Task data>
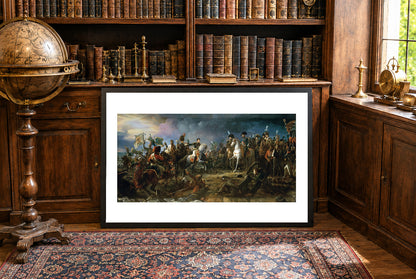 The Battle of Austerlitz 1810 - François Gérard - Napoleon Bonaparte and the Napoleonic Wars Historical Painting Poster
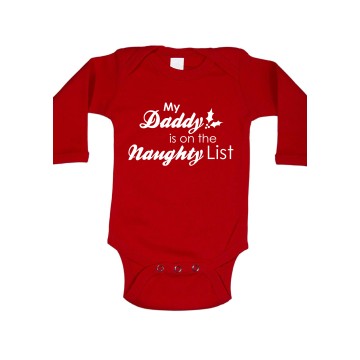 My Daddy is on the naughty list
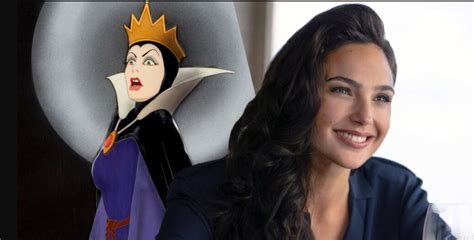 Gal Gadot As Evil Queen In Disneys Upcoming Live Action Snow White Adaptation The Teal Mango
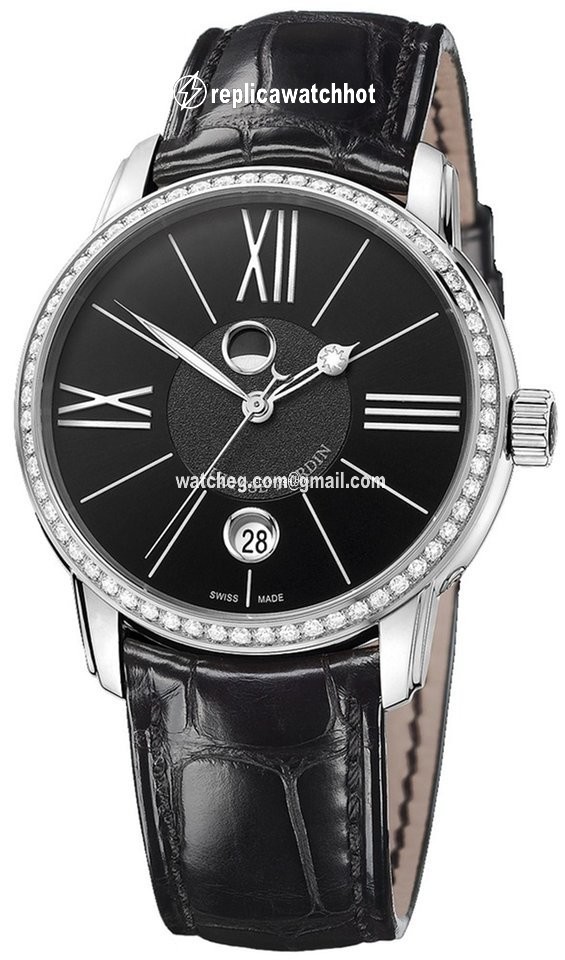 Ulysse Nardin Classico Luna Steel 8293-122B-2 42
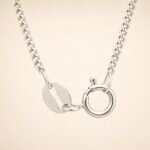 Vintage 1970s Sterling Silver Opal Mosaic Bird Necklace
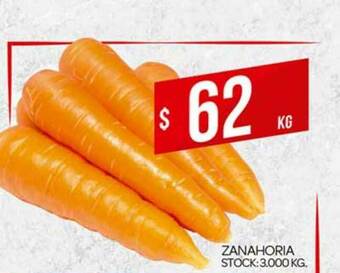 Supermercados DIA Zanahoria oferta
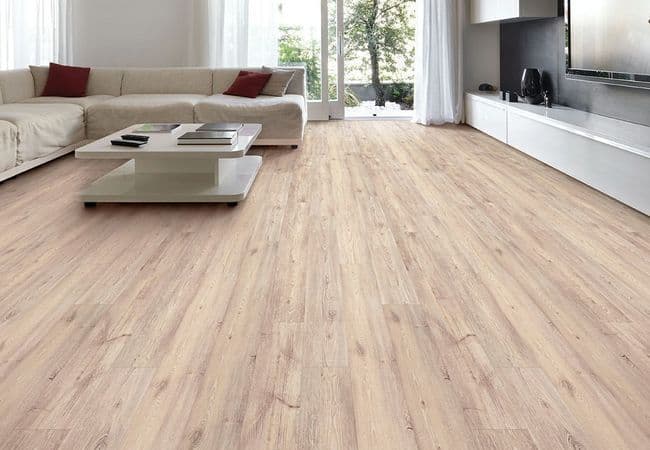 Fuzion Flooring SmartDrop 7 flooring collection sample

Directions for this task> What the answer needs is every line from the one with "Supermercados DIA Zanahoria oferta" through the last line of the data, reproduced word for word and with pictures omitted.

Result>
 Supermercados DIA Zanahoria oferta
 Fuzion Flooring SmartDrop 7 flooring collection sample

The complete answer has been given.